Foreword

by Allida M. Black, Director and Editor, the Eleanor Roosevelt Papers Project; and Mary Jo Blinker, Associate Editor, the Eleanor Roosevelt Papers Project

Early in 1946, with the horrors of two world wars uppermost in their minds, a group of dedicated men and women, representing 18 nations, gathered under the auspices of the United Nations Commission on Human Rights to craft a vision so powerful that it could combat the nightmare of fifty million deaths inflicted on the world. Their chairman was Eleanor Roosevelt (ER), former First Lady, social justice activist, nationally syndicated journalist, and one of the twentieth century’s most renowned human rights leaders. As they set to work, none of the drafters, ER included, imagined that the document they would produce would become the centerpiece of the modern human rights movement and affect the lives of millions of people around the world. However, they knew from the outset that they had no alternative. If they failed to create a shared vision, or if they failed to secure international support for the document they produced, the world might quickly be on the path to World War III. “You can measure the extent of physical damage done to cities, you can restore water supplies, gas and electricity, and you can rebuild the buildings needed to establish a military government,” Eleanor argued. But the real challenge was “how to gauge what has happened to human beings—that is incalculable.”

This educational resource tells the story of the growth and development of both the Universal Declaration of Human Rights (UDHR) and Eleanor Roosevelt. ER’s determination to conceal her influence, others’ determination to overstate their influence, and historians’ narrow focus kept many details of both stories obscure. This educational resource provides students with a fuller picture of the UDHR and of the woman who played such a pivotal role in its creation.

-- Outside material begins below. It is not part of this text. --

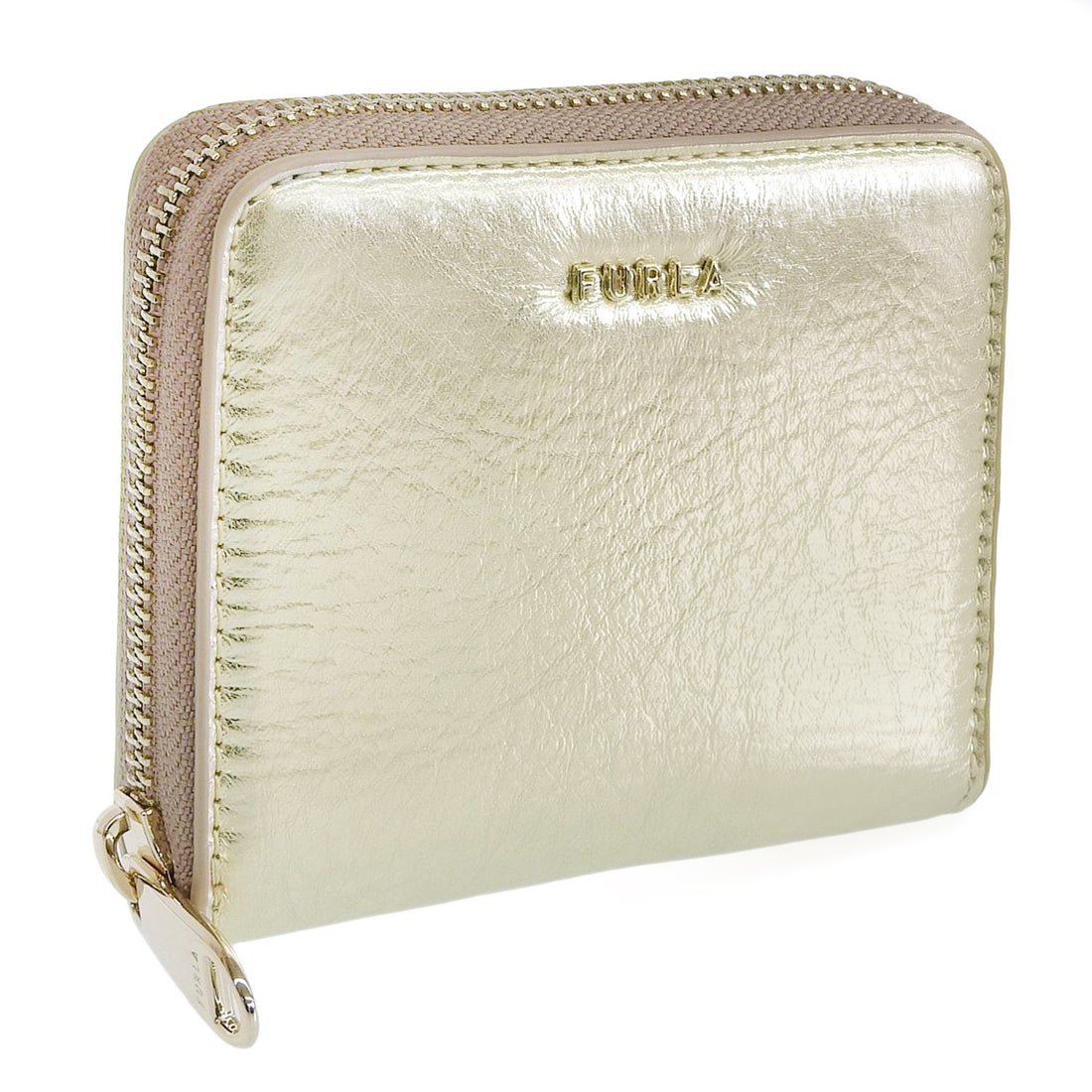 フルラ FURLA 財布 （ゴールド） -アウトレット通販 ロコレット (LOCOLET)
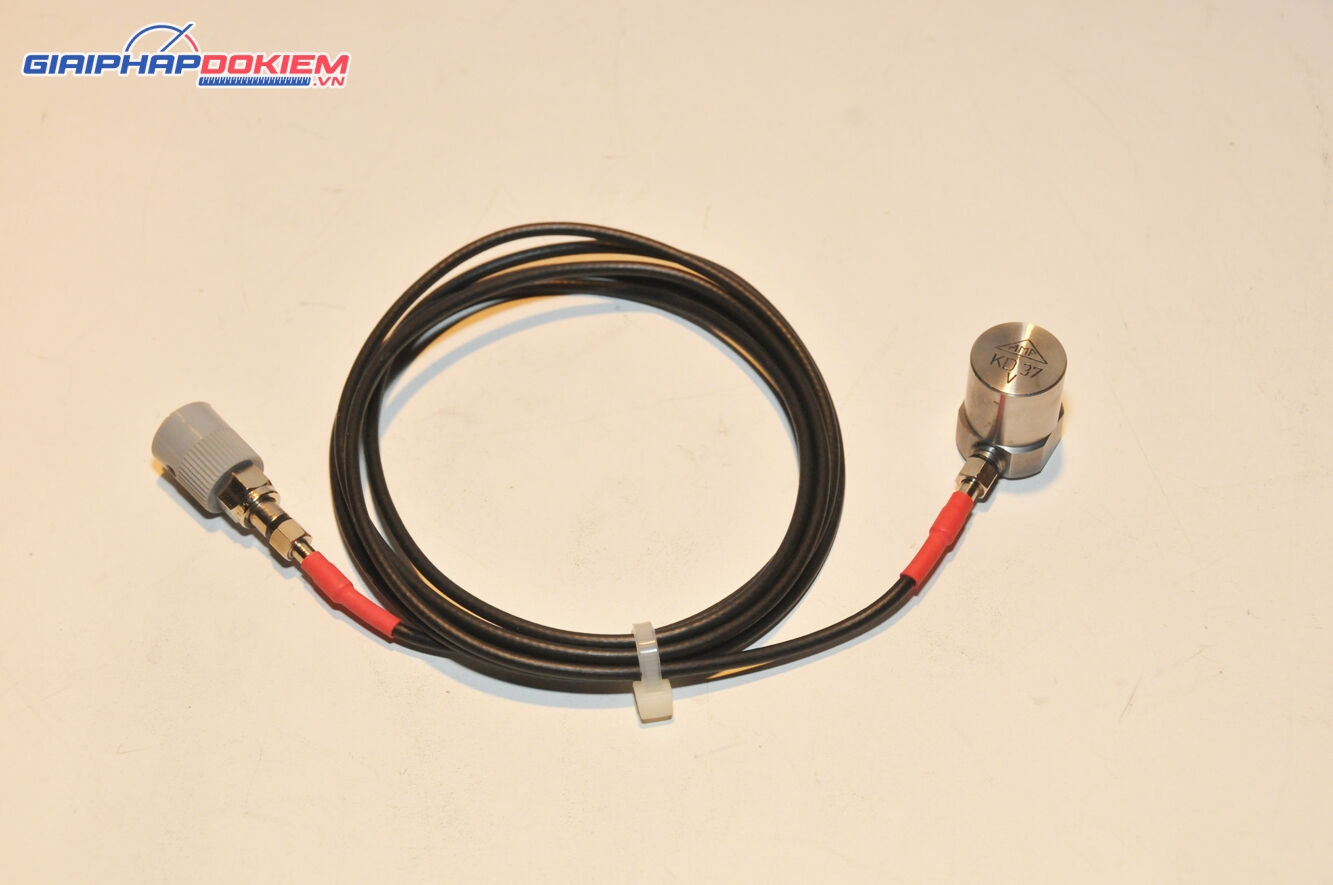 Cảm biến gia tốc MMF KD37 (60pC/g, +5000/-1000g, 15000 Hz) 11 Cảm biến gia tốc MMF KD37 (60pC/g, +5000/-1000g, 15000 Hz)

Eleanor Roosevelt, who as a young child survived the enduring sadness of both her parents’ deaths, the loss of a younger brother, and the absence of the courage and confidence that love provides, knew how fear could cripple one’s soul. In fact, her greatest fear was that she would succumb to fear when called upon to combat an egregious crisis. As a ten-year-old orphan shipped off to live with a stern, strict grandmother, ER recognized that she had to find strength she did not know she had in order to make her own way in the world. With the support of a remarkable teacher, a devoted aunt, and her own immense reservoir of courage, ER grew from a fearful child to a bold social activist to a precedent-shattering First Lady to political pundit to diplomat to the world’s most prominent voice for human rights. Her journey was neither easy nor safe. Her actions generated as much fierce ridicule as they did praise and respect. Yet she persevered, determined to develop effective working relationships with the various constituencies essential to making the UDHR “real.” “Staying aloof,” she wrote,” is not a solution. It is a cowardly evasion.”

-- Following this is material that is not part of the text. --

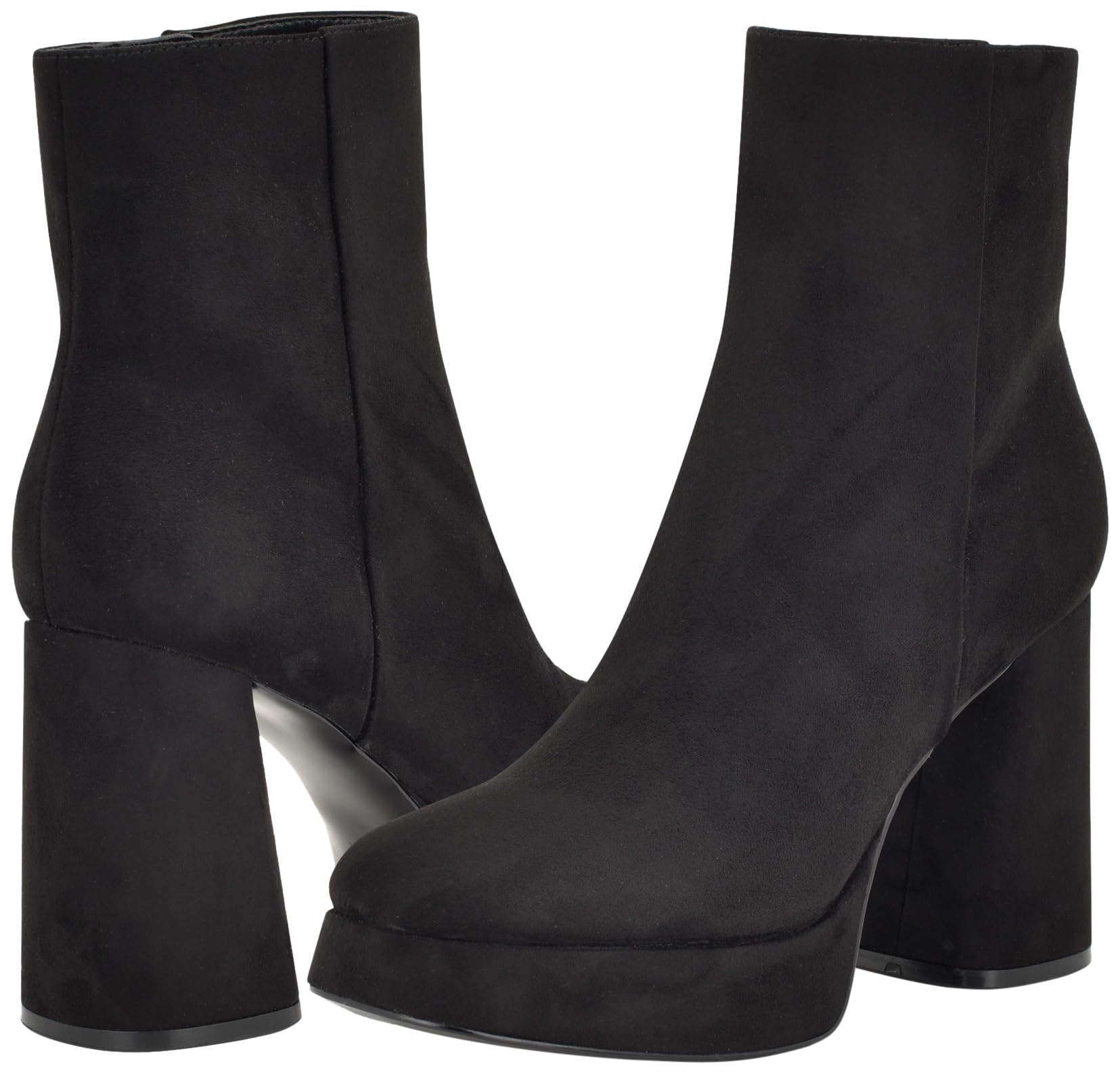 Nine West Women's Velo Ankle Boot (Select Sizes, Black) $28 + Free Shipping w/ Prime or on $35+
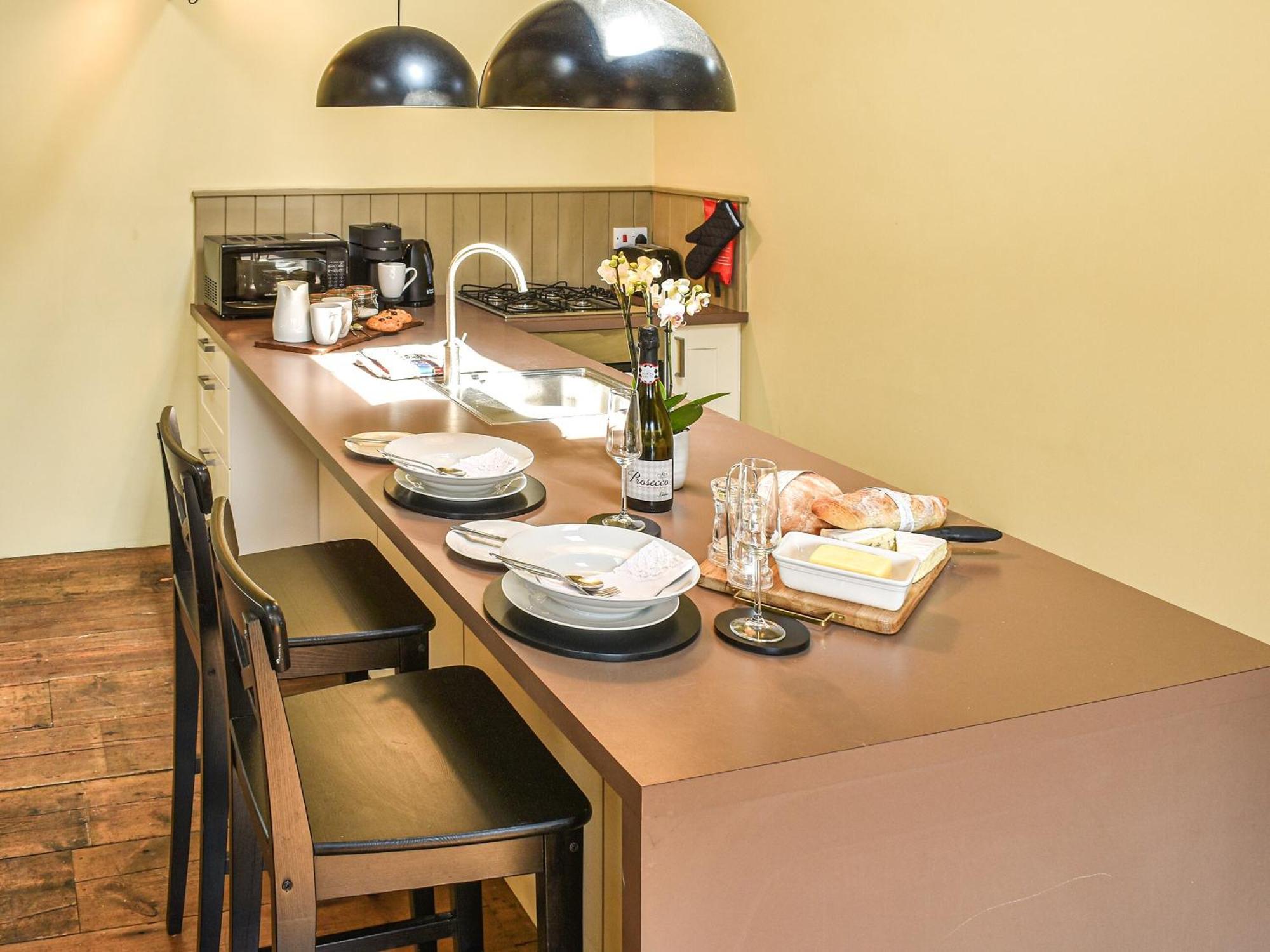 Holiday home The Byre Helmsley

Part I of this resource, and the documents that accompany it, detail ER’s growth and development as a person and as an activist. During the 1920s and 1930s, ER worked on issues related to women, labor, housing, education, and race. She honed her political skills and built networks among like-minded individuals. She also became adept at mediating political disputes between her husband and his top aides, a skill that would stand her in good stead once she reached the United Nations. After the American voters elected FDR president in 1932, ER worried that her husband’s victory would force her to curtail her work on the issues she thought were critical to surviving the Great Depression and expanding democracy. Together, with the wise counsel of Louis Howe, the Roosevelts developed a partnership unique in American political history. Within eight months of FDR’s inauguration, ER would travel 40,000 miles promoting the New Deal and collecting political and policy advice for the New Deal’s architects. She also resurrected her journalism career with her monthly magazine column Mrs. Roosevelt’s Page. After her fourth column, she had received and answered 350,000 letters. Her conversation with the American people had begun. It continued throughout her extensive travels, with her regular White House press conferences, and beginning in January 1936, in a nationally syndicated daily column My Day.

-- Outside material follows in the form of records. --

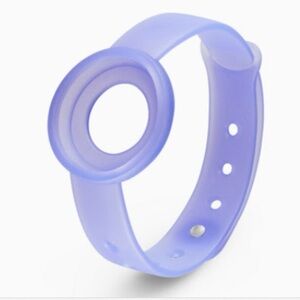 Misfit Shine 2 Sports Band Rust Translucent Lavender - Misfit Fitness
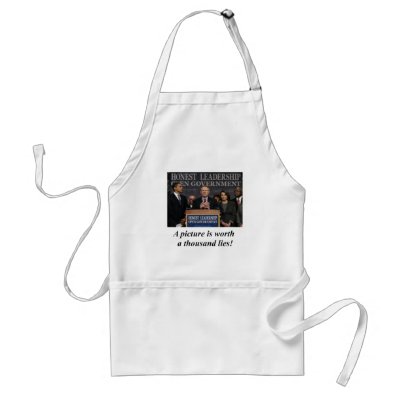 A thousand lies aprons by Tspot1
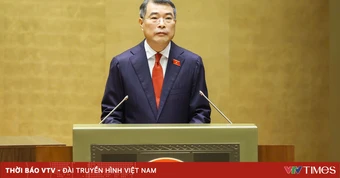 Phát biểu nhậm chức của tân Thủ tướng Chính phủ Lê Minh Hưng
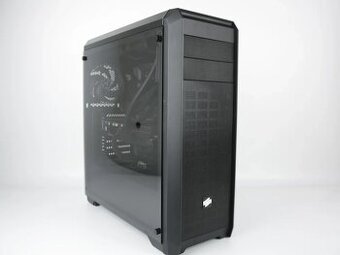 Herný PC - R5 5600, RX 5600 XT, 32GB, 1TB SSD, OS, ZÁRUKA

She also redefined her position as First Lady to advocate consistently for unpopular causes, such as racial equality and humane treatment of refugees. The most famous example of her White House civil rights activism occurred in 1939, when she used My Day to announce her resignation from the Daughters of the American Revolution after that group denied African American contralto Marian Anderson the use of its hall. ER then not only helped organize Anderson’s concert at the Lincoln Memorial but also, in championing her performance, equated the discrimination Anderson encountered to the Aryan policies Hitler imposed on Fascist Germany.

Eleanor Roosevelt brought the same passion and commitment to the cause of refugees. As the clouds of war gathered over Europe, and the plight of those fleeing from the Nazis grew more desperate, she worked closely with such groups as the Emergency Rescue Committee and the United States Committee for the Care of European Children. She also spoke out against the United States’ restrictive immigration policies and worked to increase the number of visas available to refugees. “When will our consciences grow so tender,” she asked, “that we will act to prevent human misery rather than avenge it?”

Part II focuses on Eleanor Roosevelt’s activities during World War II and the early postwar period. After addressing the nation on the evening of the December 7, 1941, Pearl Harbor attack (hers was the first official voice Americans heard), she traveled the nation opposing the “politics of fear,” arguing that victory did not require “hate,” and insisting that racial divisions weakened the war effort. She lent her public support and private counsel to those who opposed the internment of Japanese Americans. She also championed the creation of the Fair Employment Practices Commission and urged the racial integration of the armed forces.

A 1943 visit to Allied troops in the Pacific convinced her that the only way to redeem the courage and sacrifice she saw there was to create a better world. To that end, she followed the development of the United Nations closely. Indeed, as FDR lay dying in Warm Springs in 1945, ER was meeting with a State Department official in preparation for the San Francisco conference that would ratify the UN Charter.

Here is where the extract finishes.